因此,也难怪罗素在进入考试大厅时骂道:“这辈子真是从未经历过这么荒唐的事情。”将《逻辑哲学论》这么一部天才著作置于一场考试之中,这真是荒唐。不过,考试终归是考试。所以,摩尔和罗素在进行了几分钟友好的询问之后,就决定开始提出一些批判性的问题了。《逻辑哲学论》中不乏晦涩的箴言和难以理解的“一行诗”,全文是作者精心思考之后,在形式上采用十进制数字体系编写的,其中内容含有不少难以理解之谜。摩尔和罗素提出的批判性问题涉及的是论文中心谜题之一:维特根斯坦自己认为《逻辑哲学论》完全是由无意义的命题组成的,可这样一部著作却又偏偏向人们传达了唯一清晰的世界观。
对此,论文首句就是一个令人印象深刻的例子:
1. 世界是所有实际情况。
不光是上面这第一句话,底下这些从《逻辑哲学论》中摘录的句子,也给维特根斯坦的爱好者们抛出了诸多难解之谜(直到今天还是如此):
6.432 对于高超者来说,世界是什么样的,这点是完全不重要的。上帝不在世界之内显露自身。

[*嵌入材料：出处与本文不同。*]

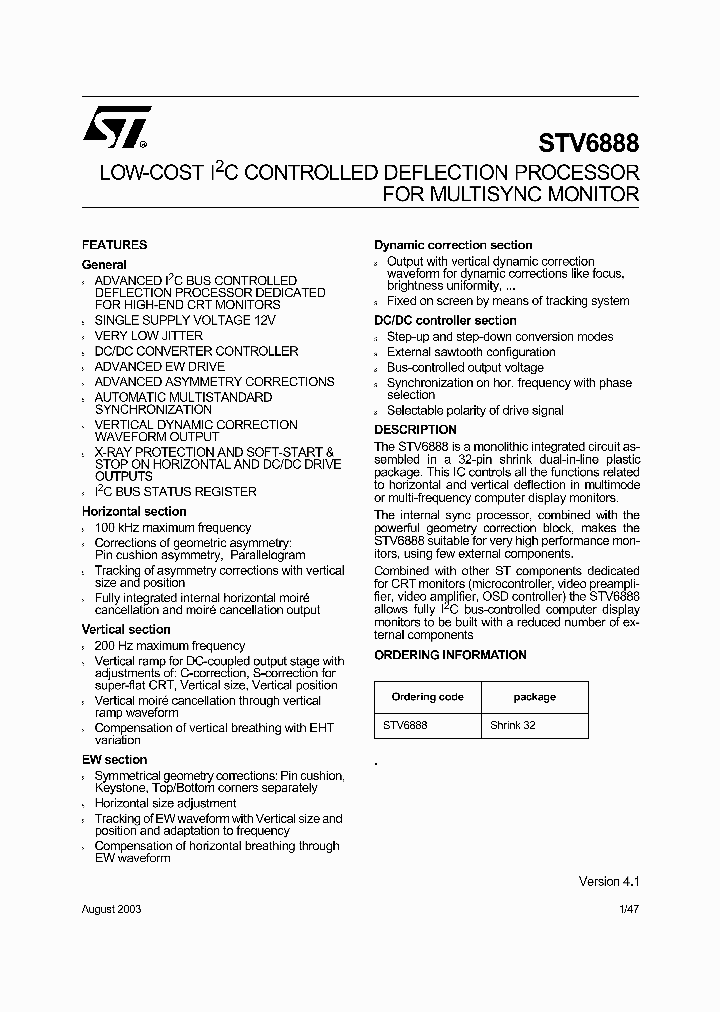 STV6888_2022047.PDF Datasheet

6.44 神秘的事项不是世界是如何的,而是如下之点:它存在。
虽然《逻辑哲学论》充满了神秘感,但是创作这篇论文的动机还是很清晰的。从斯宾诺莎的《按几何方法阐述的伦理学》(1677年在斯宾诺莎去世之后才出版)到大卫· 休谟的《人类理解研究》(1748 年出版),以及伊曼努尔· 康德的《纯粹理性批判》(1781 年出版),这些现代哲学著作已经形成了一种悠久的传统,即所有这些著作都致力于在人类语言中如下两种类型的命题之间划出一条明确的界线:一种命题在其实质上是确有意义的,因此是可以表达出真理的;而另外一种命题则只是看上去有意义,实则不然,此般语言的虚假性会使我们的思想和文化误入歧途。维特根斯坦的《逻辑哲学论》正是处在现代哲学著作这样一种悠久的传统中。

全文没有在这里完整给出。